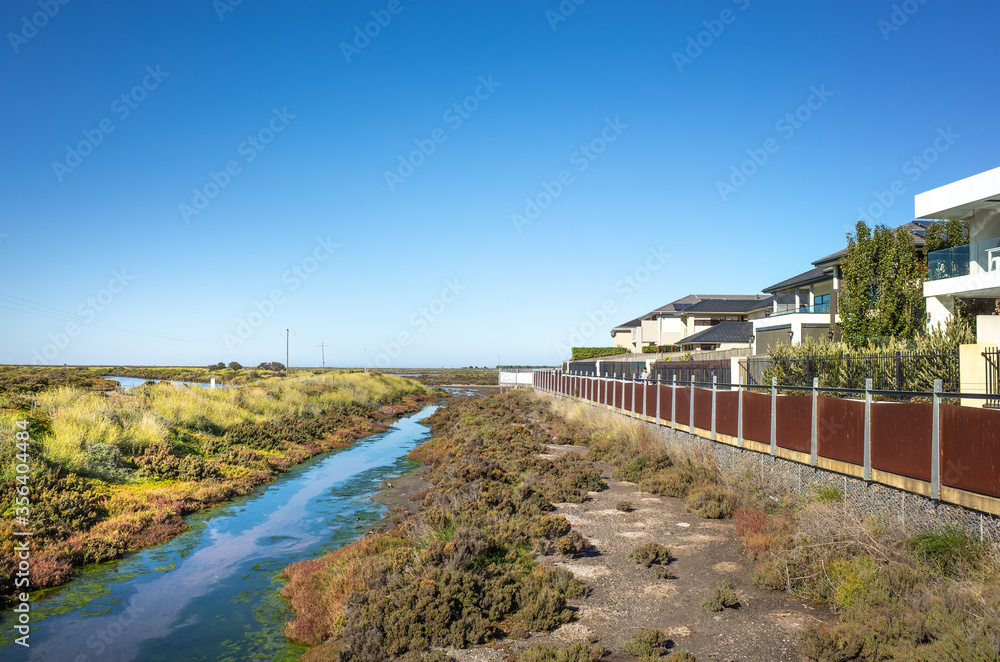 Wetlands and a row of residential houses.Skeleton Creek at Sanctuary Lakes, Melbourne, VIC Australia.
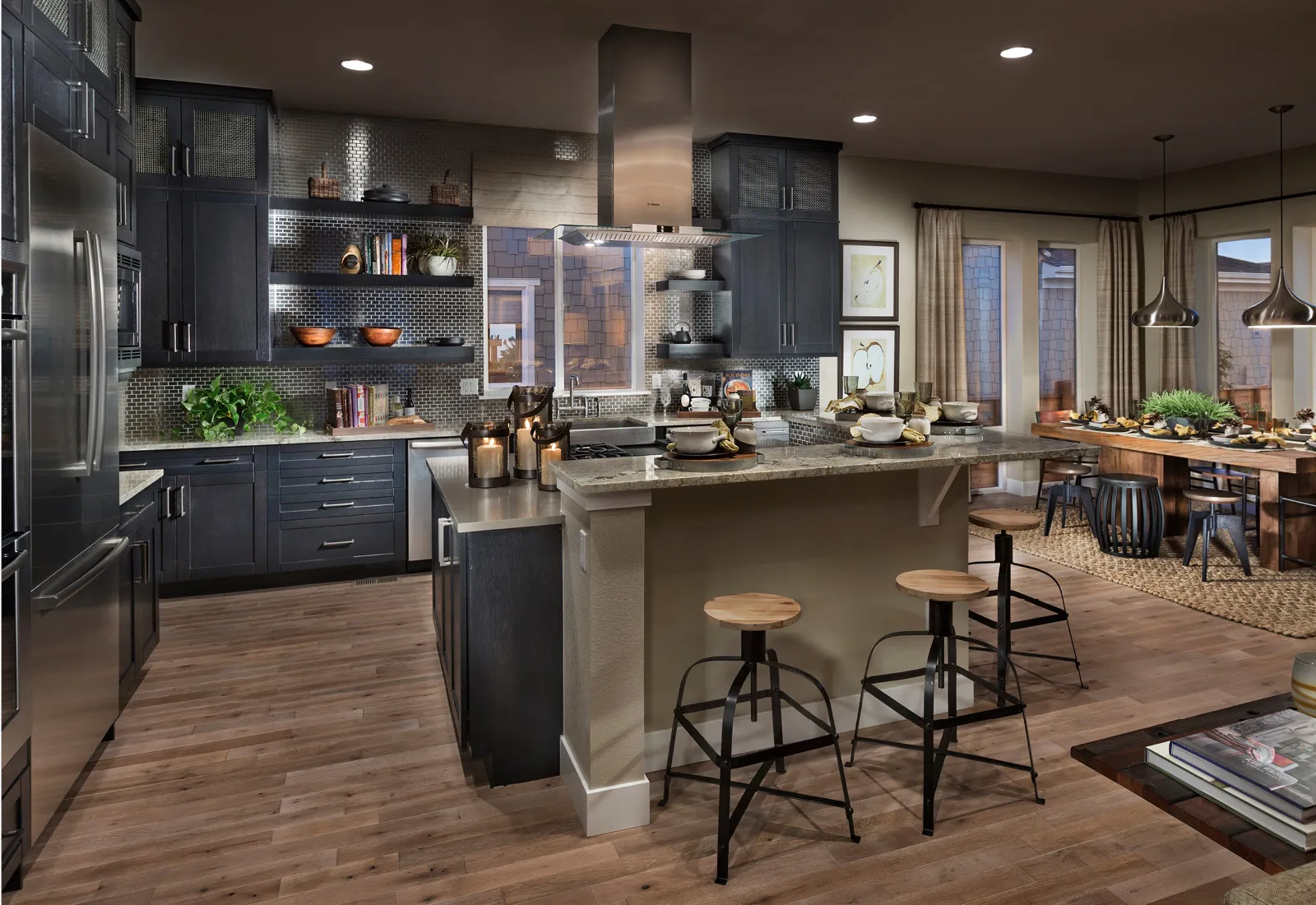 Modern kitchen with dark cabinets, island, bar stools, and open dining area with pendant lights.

* * *

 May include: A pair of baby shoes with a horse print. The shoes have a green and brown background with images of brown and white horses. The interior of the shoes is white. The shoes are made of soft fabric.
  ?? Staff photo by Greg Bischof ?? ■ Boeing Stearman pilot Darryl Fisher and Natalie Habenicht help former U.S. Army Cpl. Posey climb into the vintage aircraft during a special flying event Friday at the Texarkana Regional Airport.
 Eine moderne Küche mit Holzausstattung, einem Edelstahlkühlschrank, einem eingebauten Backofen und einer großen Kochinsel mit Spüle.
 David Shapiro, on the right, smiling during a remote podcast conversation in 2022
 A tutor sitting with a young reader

Your instructions | Using the records above, repeat exactly the run of lines that starts with the line with "Wetlands and a" and goes on through the line with "Modern kitchen with"; omit each picture.

Answer to the exercise |
 Wetlands and a row of residential houses.Skeleton Creek at Sanctuary Lakes, Melbourne, VIC Australia.
 Modern kitchen with dark cabinets, island, bar stools, and open dining area with pendant lights.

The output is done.